Comparative Analysis of the two Insolvency framework models, i.e.,“Creditor-in-Control” and “Debtor-in-possession” – Priyanshu Fauzdar

Comparative Analysis of the two Insolvency framework models
“Creditor-in-Control” and “Debtor-in-possession”

Priyanshu Fauzdar
(4th Year Student, National Law University and Judicial Academy, Assam)

India’s Insolvency Model

In reaction to what can be called as a failure of past regimes that controlled the issues of loan restructuring and recovery, the Insolvency and Bankruptcy Code, 2016 (hereinafter ‘IBC’) was implemented. The preceding regimes failed because there were several agencies involved and no set deadlines for the activities included in the restructuring process.[1] The enterprise remained belonging to the defaulter i.e., debtors in possession regime. The Banking Law Reforms Committee (BLRC) in its November 2015 report mentioned as under[2]:

“The Committee believes that there is only one correct forum for evaluating such possibilities, and making a decision: a creditors committee, where all financial creditors have votes in proportion to the magnitude of debt that they hold. In the past, laws in India have brought arms of the government (legislature, executive or judiciary) into this question. This has been strictly avoided by the Committee. The appropriate disposition of a defaulting firm is a business decision, and only the creditors should make it.”

The shareholders and creditors are a company’s two primary types of immediate stakeholders, according to the BLRC. If debt is paid off, creditors have no influence over the company’s management and shareholders are in total control.[3] For the purpose of resolving insolvency, control of the company should transfer to the creditors when it is unable to pay its debts. This was not permitted by the previous system. The debt wasn’t realised by the creditors until the cows came home. The power dynamics among a firm’s stakeholders in terms of their rights and interests were redefined under the Code. The Supreme Court issued a thorough ruling in the very first case decided under the Code to highlight this fundamental shift in the law. It was decided that if an entrenched management is unable to pay its debts, they cannot remain in management.[4]

The IBC, 2016, architecture is built on the principle of “creditors in control” as opposed to the previous position of “debtors in possession,” and as a result, management control is transferred from the hands of the current owners to a new management headed by IRP/RP who practically acts under the supervision and control of CoC for all purposes. The Insolvency and Bankruptcy Code, 2016 allows for reorganisation through a market-driven procedure to save an insolvent company if its business is viable or to close it if not. It adumbrates a new ethos of insolvency resolution with a creditor-in-control regime as opposed to the debtor-in- possession format of the legacy laws.[5] If rescued, the company is reorganised to carry on as a going concern. The restructured claims of the creditors are paid to them either immediately or over time. A stakeholder has the right to cause the CD’s CIRP to be triggered, and if it is, the CD switches from debtor-in-possession to creditor-in-control. One of the most distinctive aspects of this model is that from the beginning to the completion of the CIRP, all significant decisions are made by the CoC, with the assistance of the Resolution Professional. With a creditor-in-control management, the CoC is expected to apply their commercial wisdom for the benefit of the corporate debtor. And with this in view, an IRP is saddled with the crucial responsibility of properly constituting the CoC and also to assign voting share to each creditor based on the financial debts owed to such creditor and without that done, there cannot be a meeting of the CoC.[6] In addition to addressing and balancing the interests of all stakeholders, the RP is entrusted with facilitating and overseeing the whole CIRP and will serve as a liaison between the Adjudicating Authority and CoC throughout the process.[7]

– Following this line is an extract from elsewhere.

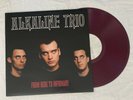 Alkaline Trio, From Here To Infirmary, Limited Edition Purple Vinyl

The creditor in control model also has its own shortcomings and benefits. For example, the behavioural changes that the IBC is causing among lenders and borrowers are among its most significant results. There is substantial evidence that debtors are avoiding defaults, for instance, as a result of their fear of the unavoidable effects of IBC processes. As debtors make payments out of fear of losing control of their businesses[8], many applications for the beginning of CIRP are being withdrawn both before admission and occasionally after admission. There have been considerable behavioural shifts among creditors. [9] On the other hand, it is also believed that the company’s management is in better position to look after its affairs, than any other third party.

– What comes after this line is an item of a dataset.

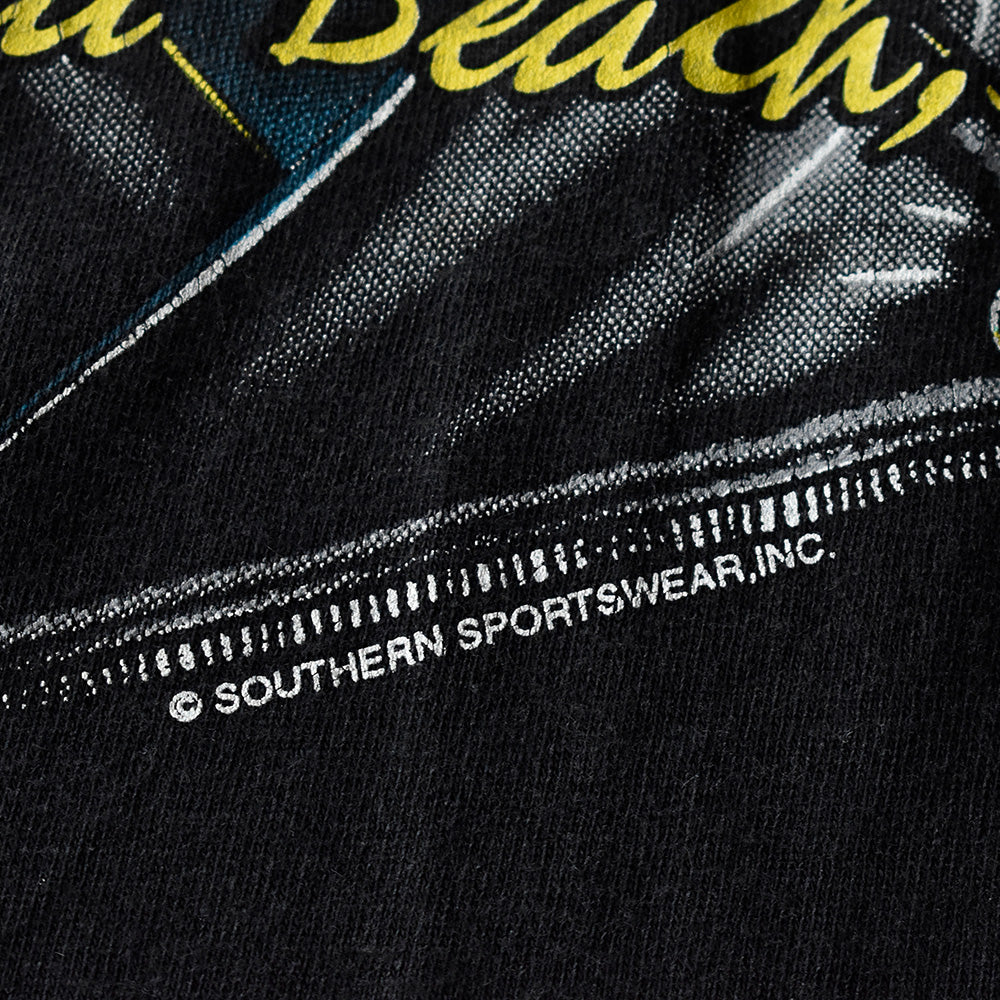 90's BIKE WEEK DAYTONA “Skull” Tシャツ 250629H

Therefore, in 2021, keeping its streak of continuous changes/amendments, the Code was once again amended in 2021 to include a Pre-Packaged Insolvency Resolution Process (PPIRP) for Micro, Small, and Medium-sized Enterprises (MSMEs) to an alternative insolvency resolution process to ensure quicker outcomes. This was done in keeping with the Code’s dynamic nature, which led to changes being made along the way as needed. This combines a debtor-in-possession regime having a blend of creditor-in-control. So, it is kind of a hybrid model having debtor in possession with creditor in control. Pre-pack, as the name implies, is a reorganisation plan that has been approved by the debtor and its creditors before the filing for insolvency and has been swiftly approved by the court. PPIRP is a new programme that will assist MSMEs in negotiating with FCs (Financial Creditors) and reviving their businesses while still in management by the management, promoters, and partners.

Comparative Analysis of IBC with US and UK Insolvency Resolution Models

First of all, if we are to briefly summarise the Bankruptcy processes in UK and US, it can be said that UK follows majorly the creditor-in-control approach only while US adopts the debtor in possession approach.

The UK’s bankruptcy laws are perhaps the ones that are most similar to those in India. Scepticism about leaving the current management in charge of businesses that have gone into financial problems has had an impact on how the UK approaches its insolvency procedure.[10] Together with the Insolvency Act of 1986, the UK judiciary has a more sympathetic stance towards the rights of creditors during insolvency.[11] In UK, the Administrator serves as the RP’s counter-part. With the purpose of “rescuing the company as a going concern,” the Administrator who assumes charge of the company’s affairs during administration carries out their tasks. If accomplishing this goal is not possible, then the Administrator’s goal must be to provide the firm’s creditors with a better outcome than if the company were to wound up.   In the event that none of the aforementioned goals can be realistically attained, the Administrator will concentrate on realising the value of the company’s assets in order to pay out secured and preferred creditors. So, the interests of Creditors are clearly aligned with the goals of the administration process.[12] The UK, thus, has a management displacing, creditor-in-possession regime.[13]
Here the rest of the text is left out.